US Assistant Secretary of Defense for Strategy, Plans and Capabilities Mara Karlin said that the war in Ukraine illustrates Taiwan’s need to be prepared.
“I think the situation we’re seeing in Ukraine right now is a very worthwhile case study ... about why Taiwan needs to do all it can to build asymmetric capabilities, to get its population ready, so that it can be ready as quickly as possible should China choose to violate its sovereignty,” Karlin told the US Senate Foreign Relations Committee.
She was responding to a question by committee Chairman Bob Menendez, who asked when the last time was that the US Department of Defense conducted an assessment with Taiwan of its defense capabilities and needs.
Karlin said that the US and Taiwan regularly discuss ways in which Washington can help Taipei build a military tailored to the threats it faces.
“It is absolutely a priority to ensure that Taiwan is getting the asymmetric capabilities that it needs, that is most appropriate,” Karlin said.
US Assistant Secretary of the Bureau of Political Military Affairs Jessica Lewis said that to offset China’s military superiority, Taiwan should focus on boosting its asymmetric capabilities, rather than acquiring more conventional military weapons.
Asymmetric systems, which have been used to great effect in Ukraine, are cost-effective, mobile, resilient and decentralized, Lewis said, citing as examples short-range air defense systems, naval mines and coastal defense and cruise missiles.
“Obviously, we don’t want there to be a conflict in Taiwan, but what they are doing is taking steps to address this issue,” Lewis said. “They’ve just created the establishment of an all-out defense mobilization organization, and they are working with our national guard as they develop this program.”

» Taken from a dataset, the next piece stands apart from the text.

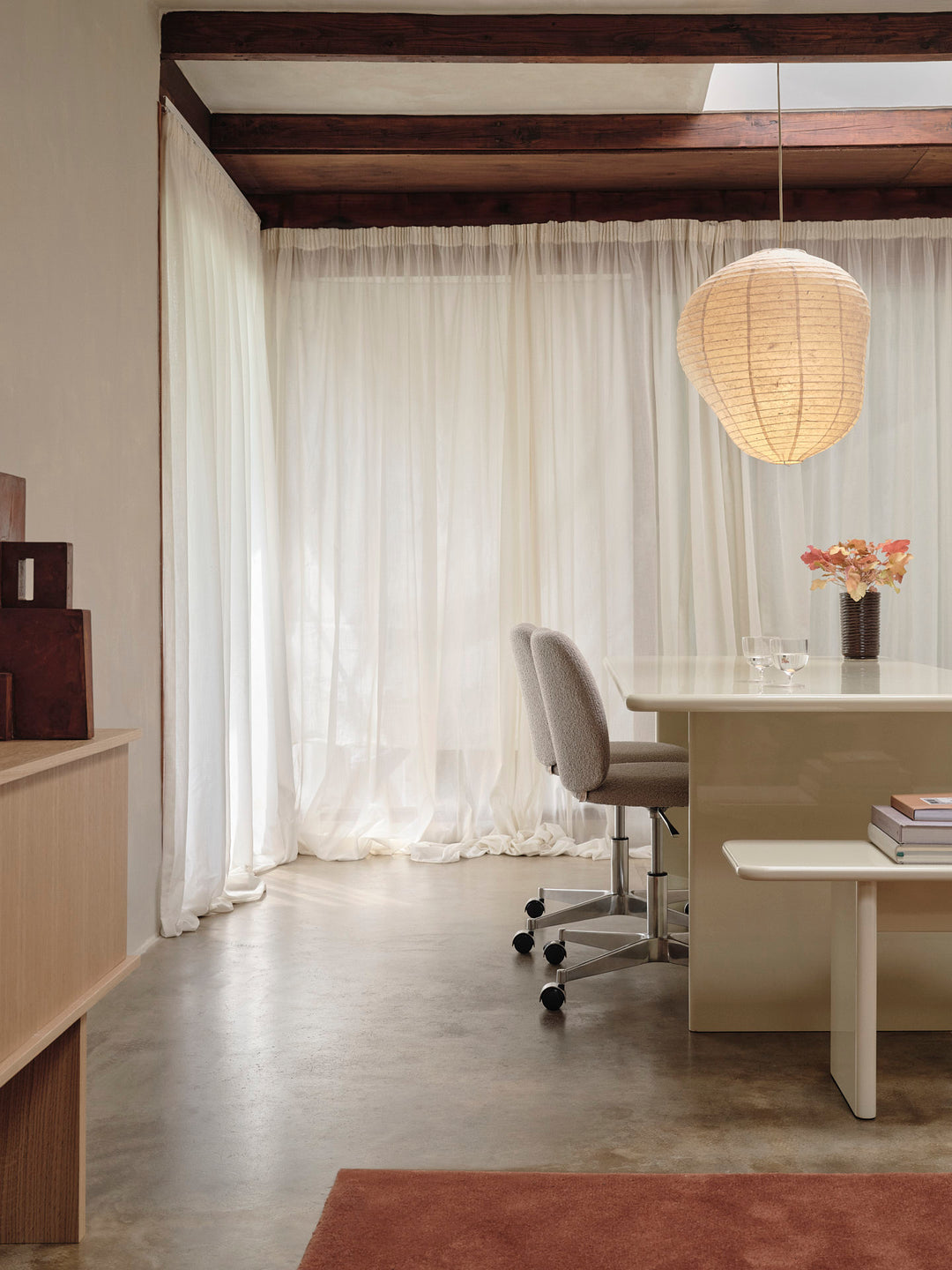 Ferm Living RICO -työtuoli, kääntyvä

“Our support [for Taiwan] remains rock solid,” Lewis told the committee, which was seeking to learn about the US’ cooperation and assistance on external security, including the threat to Taiwan from China.
In Taiwan, Su Tzu-yun (蘇紫雲), an associate research fellow at the Institute for National Defense and Security Research, yesterday said that Taiwan should leverage cost-effective precision-guided munitions to bolster its counterinvasion asymmetric warfare capabilities.
Affordable precision-guided air-defense and anti-ship missiles would be the key to giving Taiwan an advantage over an invading force, he said.
Although Ukraine has leveraged asymmetric warfare against Russia in a land war, Taiwan would likely have to focus on sea and air engagements, necessitating a different approach to asymmetric warfare, Su said.
Despite the differences, the logic remains the same, in that “the key to asymmetric warfare is the difference in cost,” Su said.
Asked about Karlin’s remarks, a spokesman for China’s embassy in Washington, Liu Pengyu (劉鵬宇), said that some in the US have abetted forces for Taiwanese independence in a bid to hold back China’s rejuvenation.
“This would not only push Taiwan into a precarious situation, but also bring unbearable consequences for the US side,” Liu said in an e-mail.